■ **TASK STATEMENT**: Look through the data below and show every line that includes "Strauch".

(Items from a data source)

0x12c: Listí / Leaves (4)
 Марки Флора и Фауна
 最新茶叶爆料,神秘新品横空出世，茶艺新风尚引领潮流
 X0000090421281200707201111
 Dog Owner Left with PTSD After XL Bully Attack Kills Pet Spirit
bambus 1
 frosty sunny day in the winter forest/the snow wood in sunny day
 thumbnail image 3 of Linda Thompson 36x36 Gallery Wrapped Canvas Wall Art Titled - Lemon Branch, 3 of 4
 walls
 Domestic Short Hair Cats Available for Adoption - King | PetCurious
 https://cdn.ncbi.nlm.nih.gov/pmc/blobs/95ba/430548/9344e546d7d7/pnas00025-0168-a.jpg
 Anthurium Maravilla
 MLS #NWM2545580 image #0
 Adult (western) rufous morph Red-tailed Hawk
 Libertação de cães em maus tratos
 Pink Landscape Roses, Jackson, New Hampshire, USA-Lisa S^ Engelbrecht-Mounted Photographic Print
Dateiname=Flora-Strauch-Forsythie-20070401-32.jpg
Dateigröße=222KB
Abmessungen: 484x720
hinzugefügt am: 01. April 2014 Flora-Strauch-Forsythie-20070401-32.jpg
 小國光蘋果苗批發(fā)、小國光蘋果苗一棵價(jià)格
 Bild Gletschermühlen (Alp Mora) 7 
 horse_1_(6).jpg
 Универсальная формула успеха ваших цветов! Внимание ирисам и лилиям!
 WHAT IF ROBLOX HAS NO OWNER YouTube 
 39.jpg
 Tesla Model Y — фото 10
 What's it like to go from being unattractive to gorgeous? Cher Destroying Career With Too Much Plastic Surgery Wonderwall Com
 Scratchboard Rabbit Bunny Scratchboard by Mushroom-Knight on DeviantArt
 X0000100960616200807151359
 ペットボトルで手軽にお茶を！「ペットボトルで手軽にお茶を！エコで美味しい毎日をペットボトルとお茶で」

■ **OUTPUT FOR THIS EXERCISE**:
Dateiname=Flora-Strauch-Forsythie-20070401-32.jpg
hinzugefügt am: 01. April 2014 Flora-Strauch-Forsythie-20070401-32.jpg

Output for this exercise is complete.